I recently had the pleasure of going over my recommendations on how to avoid crowds with the president and founder of Thrill Coaster Tours, Ira Gordon.  This company organizes groups of teens on tours around the country.  Their goal is simple: to ride the best roller coasters in America. Each summer, Ira leads 3 groups across 3,000 miles trying out rides from various 17 different amusement parks.  Clearly, making the most of each hour spent on tour because, in Ira Gordon’s case, time is literally money.

Regarding suggestion #1: arrive early, Ira mentioned that he always does this with his groups.  He added a very important idea by stating “We always get to the park as soon as it opens, then we leave the park for lunch”, always making sure that they lunch at an abnormal time.  I find that this is after 1:30 “Then, we always return to the park after about 5pm.” The reason for this is twofold: If you are visiting during the summer, you get a chance to be out of the heat and when you return, you probably are not as exhausted and will feel recharged. Also, by the time you return, most people are either tired and are heading home, or they are off to dinner outside of the park.  Either way, this is an excellent time to hop in a 3-hour line, since it most likely is much shorter.

Last Saturday, when I visited Disneyland at around 6pm, I definitely found this to be true.  People were leaving the park, or at the very least, headed across the street to have dinner at IHop or Red Robins on Harbor Blvd.

As for my favorite suggestion, #2: Visit on off-peak days, since his clients are mostly teens, Ira mentioned that although his tours are always run during the summer months and sometimes for Spring break, the amusement park’s peak season, he follows one simple rule with out fail: Never, ever, ever visit on Saturdays.  Even during the busiest weeks of summer, she claims the difference between Saturday and any other day is noteworthy.

Ira also had very helpful insight to add to suggestion #6: Get an annual pass.  He mentioned that for some parks, such as Cedar Point located in Ohio, earlier opening hours are available to annual pass holders.  I haven’t seen any evidence of this at Disneyland, Knotts, or Six Flags, but for those parks that do offer it, it definitely seems like an exciting incentive to be a passholder.

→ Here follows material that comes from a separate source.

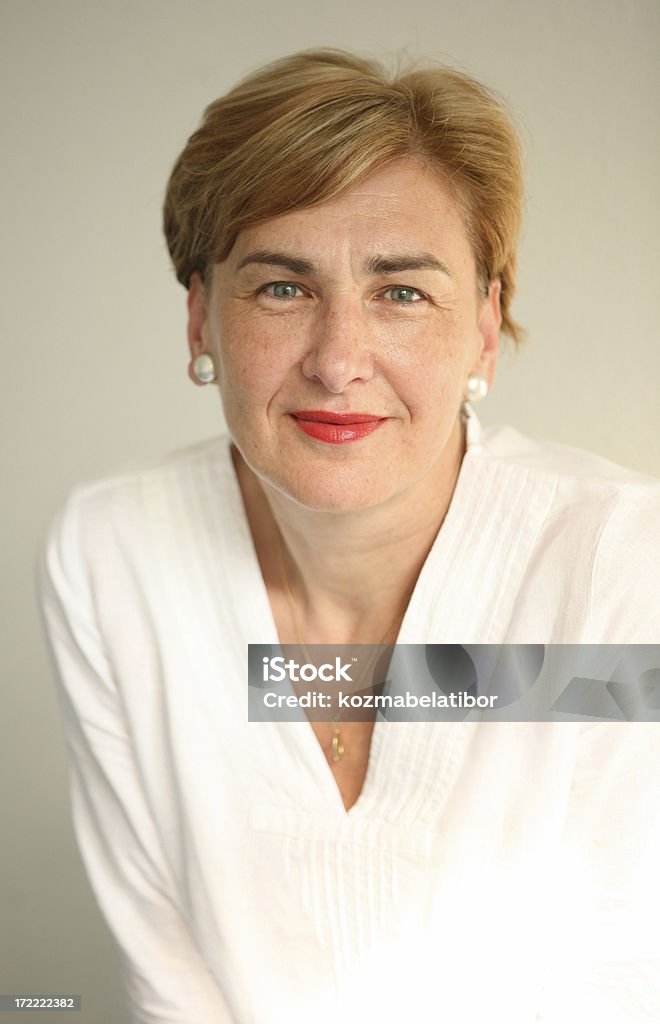 Mujer mirando - Foto de stock de Adulto libre de derechos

In conclusion, Mr. Gordon had two further suggestions:

1) Single rider /Baby swap

Last week, while visiting Knott’s Berry Farm with my niece, I tried out the “baby swap” idea, and it worked like a charm.  I must warn you, this doesn’t necessarily save you much time, especially if your concern is that your 3-year-old is will be to squirimish to stand in a long line.  In this case, you’d definitely need to apply one of the other rules to avoiding a lengthy wait time.  In this case, we visited off-peak, and the wait-time was never more than 20min anyway.

2) Go against the crowd

Head straight to the back of the park, and continue visiting rides in the opposite direction of than you see other people going in.  I have heard this theory mentioned a lot, and I told Ira that it’s always been a futile effort for me. I find that, for as many foreigners and tourists visiting the park in the traditional, front to back clockwise direction, there really are just as many locals making sure they are doing the opposite. He reminded me that I never visit parks during the busiest summer months, and that during these times, starting at rides that are the farthest away and rotating opposite the crowd saves hours.  Take it from a pro, LA!

I special thank you to Ira Gordon of ThrillCoaster Tours for taking the time to go over these steps for reducing your wait time at theme parks with me!